Categories: Marketing

Who is your market? If you are first starting out, anytime the phone rings, you try to get the order. If you‘ve been around a while you are starting to realize which customers you like to work with and which ones actually fit your program. There are a dozen at least ways to go.

Working with brides and DIY folks can be a real challenge. I know farms though that really love holding bride‘s hands and being involved in such a big event in their lives. At first, like most, the phone rang, we took the order. Then we started saying 20 minimum then 50 minimum but after looking at the 10 e-mails to get one order versus the one or two to get the much larger wholesale broker orders, we made some decisions. But for most, you have to start somewhere. The brides and DIY do pay a much higher price per stem so there is something to say for that market. They always pay by credit card. That‘s 3% at least off the bottom line.

The next category is florists. We love florists - mostly. There is a world of different type florists. There are the fixed weekly order florists and the special occasion florist that maybe order 1-4 times a season. There are some huge florists out there that order 1,000 plus stems weekly but they are few and far between. This category also pays the higher pricing if ordering in smaller quantities. They require less hand holding than a bride (or her Mom-In-Law) but still take considerable time to secure the order. And they pay by credit card usually.

Next is the wholesaler. Here it becomes a little bit more complicated. Everyone thinks they are wholesalers. For us a wholesaler has to order at least 500 stems in a season to access that portion of our web site. We are considering raising that number but for now it is 500. There are wholesalers that order shipped to their storefronts and wholesalers who are more like drop shippers. They never see the flowers but only act as intermediaries. Both of these categories seem to fall into the same price range and the same amount of time necessary to make the sale. The wholesalers don‘t necessarily have a customer to buy the peonies so they are a bit more leery and a bit more demanding. The drop shipper has the sale before he contacts you. He is just trying to keep his customers happy with product where he can find it and at the best price.

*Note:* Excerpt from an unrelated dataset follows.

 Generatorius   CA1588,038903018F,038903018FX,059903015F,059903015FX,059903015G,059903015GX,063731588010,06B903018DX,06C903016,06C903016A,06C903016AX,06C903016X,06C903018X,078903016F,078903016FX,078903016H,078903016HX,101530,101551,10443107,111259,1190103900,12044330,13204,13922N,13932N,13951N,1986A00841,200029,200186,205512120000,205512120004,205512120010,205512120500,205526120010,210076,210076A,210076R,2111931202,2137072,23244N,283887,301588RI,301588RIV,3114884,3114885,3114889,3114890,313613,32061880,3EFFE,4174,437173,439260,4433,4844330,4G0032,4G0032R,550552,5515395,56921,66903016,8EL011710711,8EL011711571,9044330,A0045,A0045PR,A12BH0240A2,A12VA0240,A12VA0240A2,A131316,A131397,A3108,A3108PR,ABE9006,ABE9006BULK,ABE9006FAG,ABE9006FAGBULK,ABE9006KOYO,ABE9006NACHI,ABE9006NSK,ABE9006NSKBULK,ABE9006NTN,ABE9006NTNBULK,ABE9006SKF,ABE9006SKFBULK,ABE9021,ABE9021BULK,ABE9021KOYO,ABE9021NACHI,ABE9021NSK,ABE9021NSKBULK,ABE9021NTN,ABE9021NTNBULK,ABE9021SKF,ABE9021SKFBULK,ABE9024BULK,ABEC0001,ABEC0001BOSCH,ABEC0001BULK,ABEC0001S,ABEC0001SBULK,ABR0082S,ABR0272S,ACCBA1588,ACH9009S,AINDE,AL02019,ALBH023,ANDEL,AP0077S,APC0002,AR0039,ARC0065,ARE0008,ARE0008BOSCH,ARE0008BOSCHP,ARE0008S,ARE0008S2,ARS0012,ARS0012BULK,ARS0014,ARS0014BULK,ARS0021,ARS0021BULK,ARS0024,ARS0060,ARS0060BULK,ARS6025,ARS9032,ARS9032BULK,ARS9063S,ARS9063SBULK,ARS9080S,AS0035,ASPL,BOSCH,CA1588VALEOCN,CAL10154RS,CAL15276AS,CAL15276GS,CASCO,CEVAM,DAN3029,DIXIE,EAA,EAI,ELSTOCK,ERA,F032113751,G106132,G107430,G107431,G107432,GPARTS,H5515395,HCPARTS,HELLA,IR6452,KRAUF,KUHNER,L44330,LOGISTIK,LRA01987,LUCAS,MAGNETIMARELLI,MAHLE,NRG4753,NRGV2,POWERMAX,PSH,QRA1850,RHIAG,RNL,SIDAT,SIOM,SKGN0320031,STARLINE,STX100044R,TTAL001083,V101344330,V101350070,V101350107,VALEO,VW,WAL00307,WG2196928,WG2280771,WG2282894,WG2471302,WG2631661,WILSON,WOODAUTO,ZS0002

There are probably a few descriptions I‘m leaving out but generally these are the most popular for Alaska peonies.

The grocery store chains come next. If you‘ve had any experience with these wonderful people, you know it can run hot and cold. An order placed on Monday of one week for 12 boxes a week ¬†for the season can be cancelled the next week without any warning. The managers of these departments seem to change each season with some stores. Getting a contract is absolutely unheard of so celebrating when an order is placed might be a bit premature. I know one farm (not Alaska peonies) with 25 years‘ experience selling to grocery chains told me one year their sales were over $100,000 to a particular store and the next year with a new floral department manager the sales were $15,000. We had a similar experience this year. We had an order placed last fall for this season. A new person took over and has ordered only 50% of the original order. Totally high risk and the price per stem is the lowest. But if you have a huge field and you are trying to move a hundred thousand plus stems a season, this might be the way to go for you. Just keep a lot of options open and a lot of back up in your pocket.

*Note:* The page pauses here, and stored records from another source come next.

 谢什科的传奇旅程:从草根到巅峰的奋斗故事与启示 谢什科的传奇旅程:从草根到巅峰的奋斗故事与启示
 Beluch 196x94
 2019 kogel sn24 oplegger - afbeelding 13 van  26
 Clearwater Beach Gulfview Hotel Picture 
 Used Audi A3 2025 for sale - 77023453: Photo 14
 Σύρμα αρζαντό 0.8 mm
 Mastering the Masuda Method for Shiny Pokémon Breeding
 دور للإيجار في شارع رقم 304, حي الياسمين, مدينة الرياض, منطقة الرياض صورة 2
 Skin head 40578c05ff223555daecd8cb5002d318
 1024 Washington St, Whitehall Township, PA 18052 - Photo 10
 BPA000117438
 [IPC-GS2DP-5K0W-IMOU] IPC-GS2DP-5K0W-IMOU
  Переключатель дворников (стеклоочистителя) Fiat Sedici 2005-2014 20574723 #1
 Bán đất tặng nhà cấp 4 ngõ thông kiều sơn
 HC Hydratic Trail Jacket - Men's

Taking an order from grocery chains and then not being able to ship for a 4-6 week period will kill your relationship. Most of these bigger users won‘t want to entertain short term relationships. Not worth their efforts. And be prepared for a lot of paperwork to get started with a grocery chain. The biggest caveat I have for this market is know your per stem cost to make a profit. It‘s tempting to take a large order thinking you can make up in volume for a lower price. However, if the price doesn‘t equate to a profit, the larger volume means larger losses. They can pay by check or direct deposit so there is the 3% you can massage to make things work. Of course they don‘t pay immediately. Thirty days is more the norm than not. So you have to have some capital to carry these accounts. Keeping extremely accurate records is a must as we have found our records were better than some market accounting. We were surprised by this. We‘ve actually received large checks that weren‘t appropriate. TemptingJ And be prepared for special requirements such as sleeves or UPC codes.

So you evolve as your farm matures. What works at the beginning becomes obsolete in a few years. I‘m hoping with 15 years under our belt we are finally settling into some sort of farm model.